Segment Start: RECORDED DATA

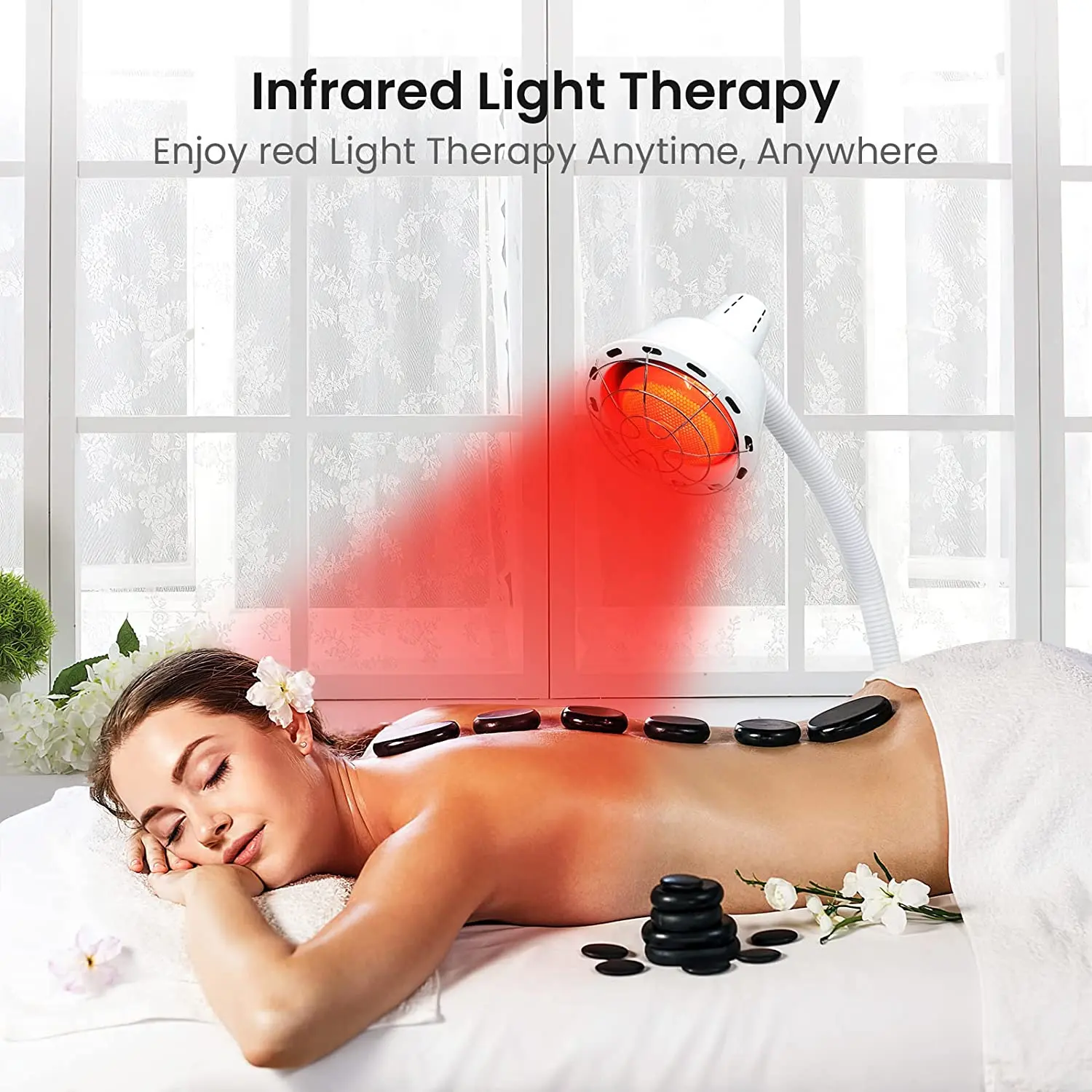 Red-Light-Therapy-Heat-lamp 275W Near Red Infrared Heat Lamp for Relieve Joint Pain and Muscle Aches for Body Standing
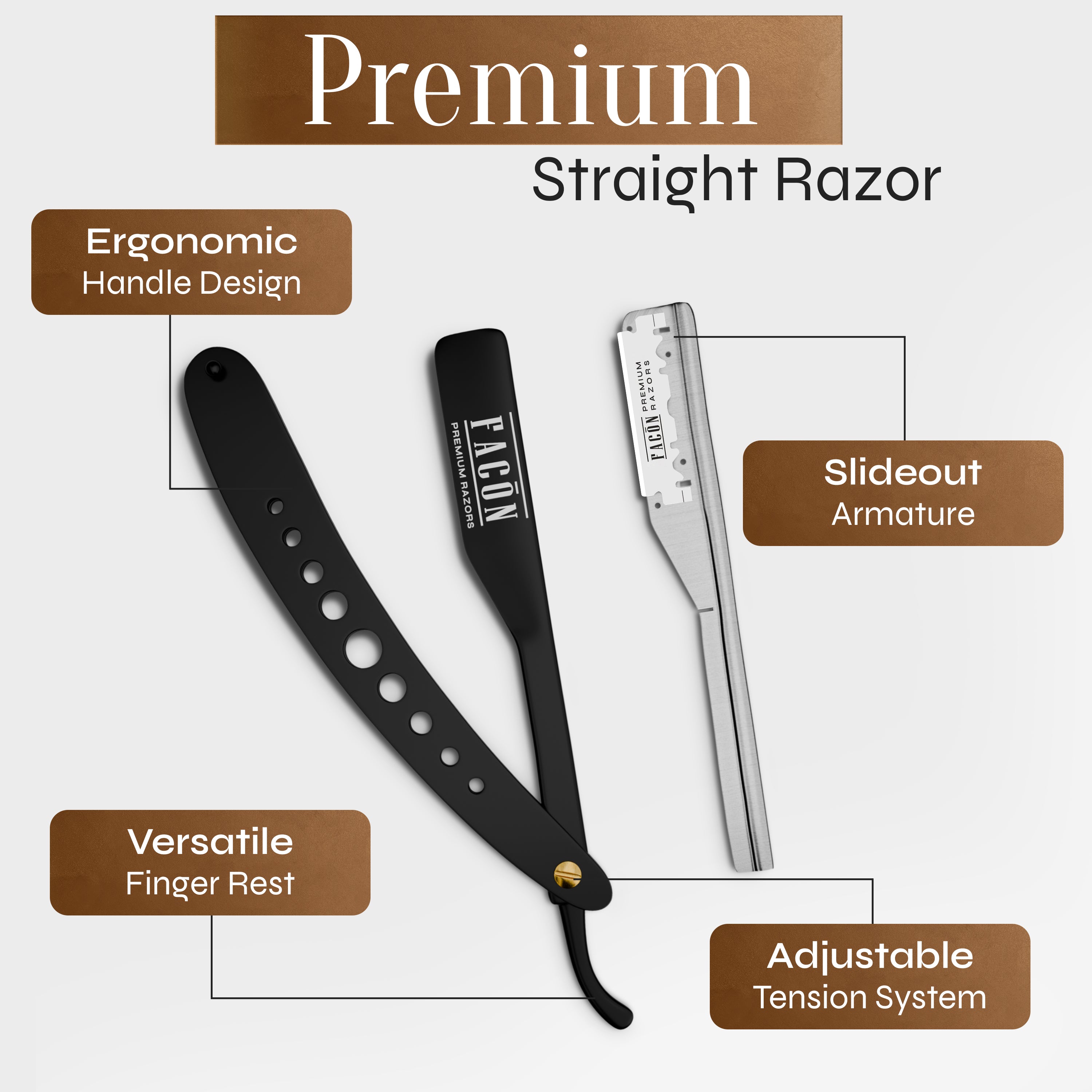 Facón Straight Razors for Men - Professional Barber Straight Edge Razor Kit with 100 Blades, Classic Stainless Steel Barbero Shaver for a Smooth & Precise Shave, Premium Barber Razor for Men's Shaving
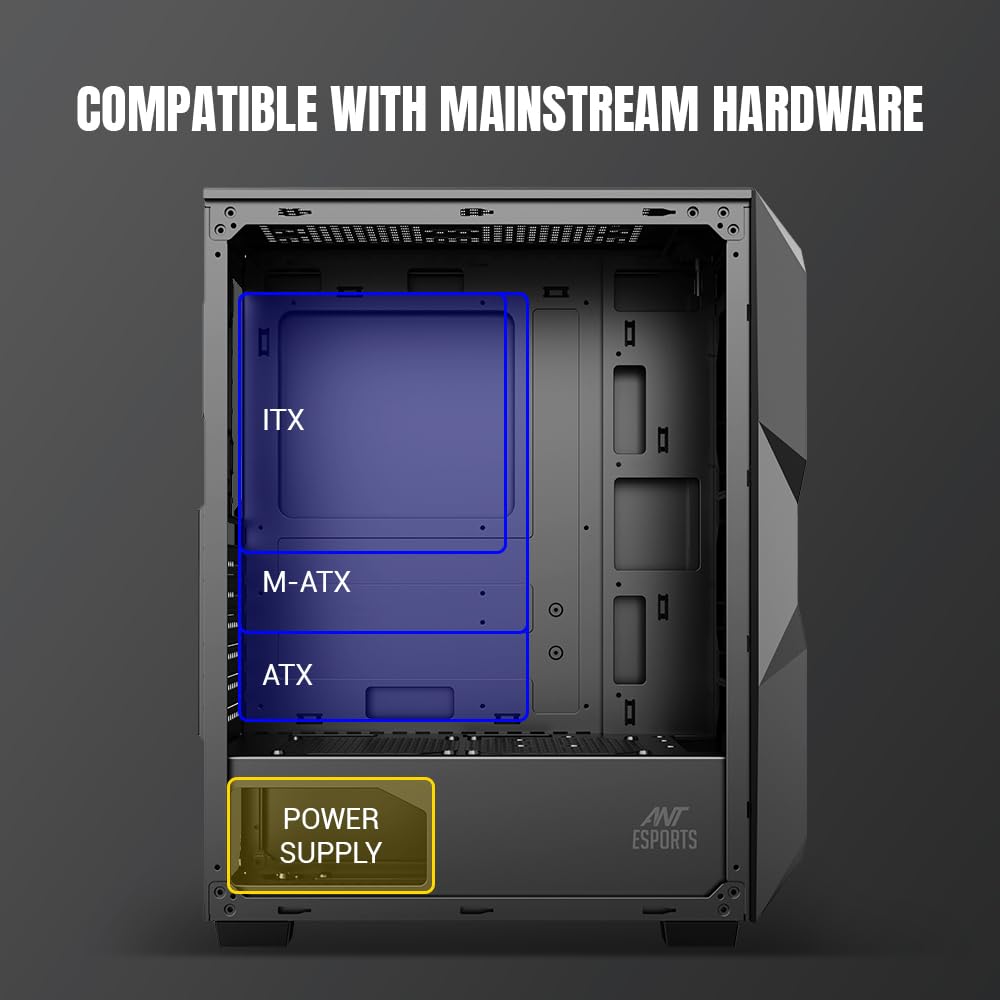Ant Esports ICE-300 Mesh V2 Mid Tower Gaming Cabinet | High Airflow Mesh Front Panel | 4 Pre-Installed 120mm ARGB Fans | ATX, Micro-ATX, Mini-ITX Motherboard Support | Liquid Cooling Ready (Black)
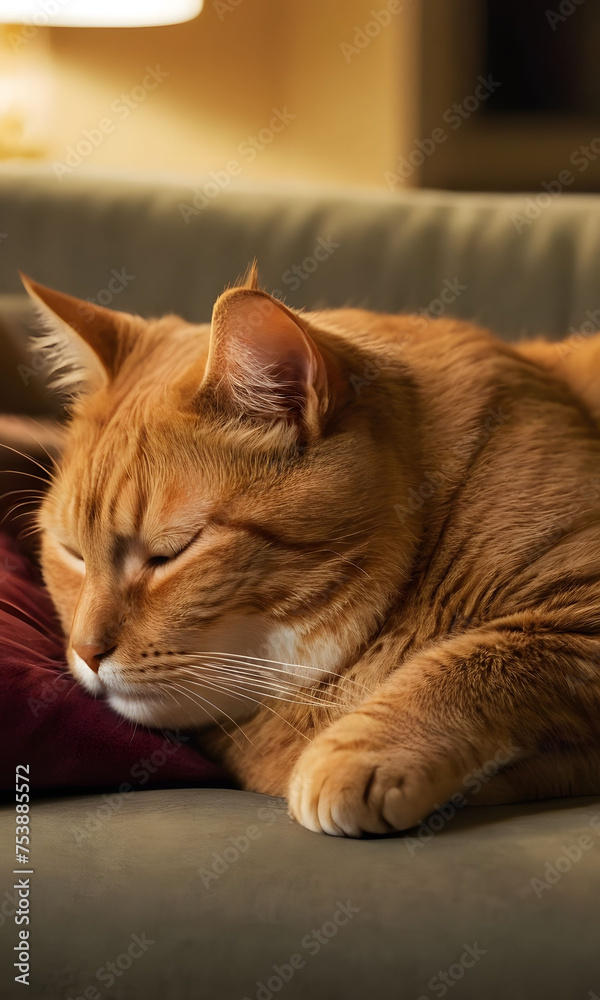 A cat sleeping on a pillow next to a light.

Segment End: RECORDED DATA

ACTION ITEM
All of the data above should be printed again exactly, though none of the pictures belong in the copy.

RESPONSE TO THIS EXERCISE
 Red-Light-Therapy-Heat-lamp 275W Near Red Infrared Heat Lamp for Relieve Joint Pain and Muscle Aches for Body Standing
 Facón Straight Razors for Men - Professional Barber Straight Edge Razor Kit with 100 Blades, Classic Stainless Steel Barbero Shaver for a Smooth & Precise Shave, Premium Barber Razor for Men's Shaving
Ant Esports ICE-300 Mesh V2 Mid Tower Gaming Cabinet | High Airflow Mesh Front Panel | 4 Pre-Installed 120mm ARGB Fans | ATX, Micro-ATX, Mini-ITX Motherboard Support | Liquid Cooling Ready (Black)
 A cat sleeping on a pillow next to a light.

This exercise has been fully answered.